To learn how to create an ingestion job, see Create an ingestion job.

Select offset for streaming ingestion

The offset controls where Polaris starts to consume data from a stream, whether from the earliest or latest point of a stream. When creating a streaming job, you select the offset in the Map source to table step of the ingestion job. Select one of the following offset options:

  • Beginning: Ingest all existing data. Note that Polaris only ingests events whose timestamps are within the last 30 days.
    You can override this period by changing the late message rejection period.
  • End: (default) Ingest events that arrive after creating the ingestion job.

The following screenshot shows the offset selection for a table:

Ingestion job streaming offset

The following diagrams show how the starting offset setting affects the ingestion of data added to a stream before and after starting an ingestion job:

Reset streaming job offset

For a given table and topic or stream, Polaris preserves the reading checkpoint of the topic or stream. If the same topic or stream is used in a new connection or new ingestion jobs, the reading checkpoint is still maintained for the table. Polaris only resets the reading checkpoint when the table has a new streaming ingestion job that reads from a different topic or stream.

You may reset the reading checkpoint to restart the streaming ingestion from your selected offset.
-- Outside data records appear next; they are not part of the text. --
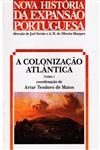 Colonizacao Atlantica, A Vol1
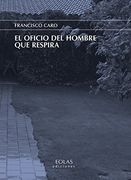 EL OFICIO DEL HOMBRE QUE RESPIRA (ERIA)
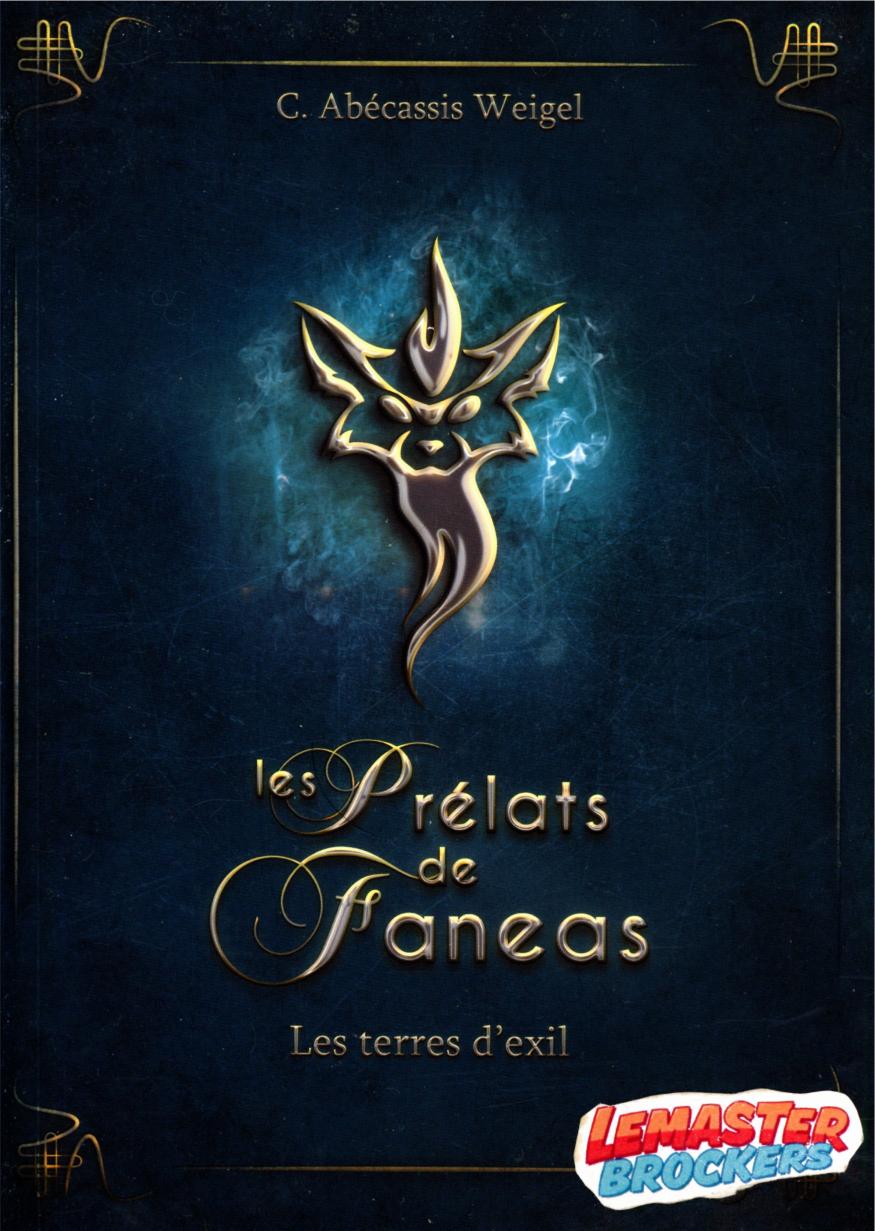 les-prelats-de-faneas-tome1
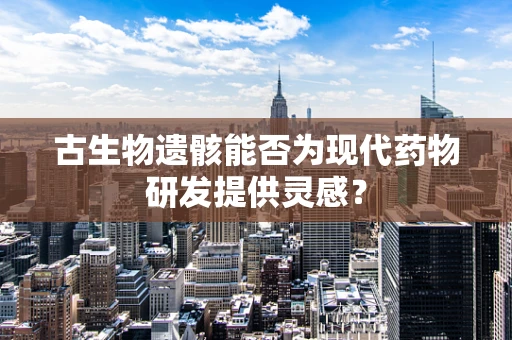 古生物遗骸能否为现代药物研发提供灵感？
The reset only applies to streaming ingestion jobs that are currently running.

caution

When you reset the offset, the ingestion job may omit or duplicate data from the stream.

  • If you select the end offset then reset the job, Polaris ingests data from the end of the stream, but may skip data that entered the stream before you applied the reset. This may result in missing data. Consider a batch ingestion job to backfill any missing data.
  • Conversely, if you select the beginning offset then reset the job, Polaris ingests data from the start of the stream, but may ingest data that has previously been ingested. This may cause data to be duplicated. Consider a replace data job to overwrite the time period with duplicate data with the correct data.

To reset the offset, do the following:

  1. Navigate to the Jobs page from the left navigation pane.
  2. Open the job you want to reset.
  3. Select Reset offset.
  4. Polaris displays a confirmation dialog and includes the offset declared in the job. Click Reset confirmation to confirm your choice.

After the reset, Polaris ingests streaming data from either the earliest or latest point of the stream.

To use the API to reset the offset, see Reset streaming job offset by API.

Reject early or late data

You can set early or late message rejection periods to reject data that arrives earlier or later than a given period, relative to the current time. By default, Polaris does not ingest data older than 30 days and data that's more than 2000 days into the future. Select Filter from the menu bar to set these periods.

For example, to avoid ingesting data older than 14 days, set the period as follows:

Streaming late message rejection

Note that the period for filtering out late data overrides the default event timestamp requirement.

For additional details on filtering data, see Filter data to ingest.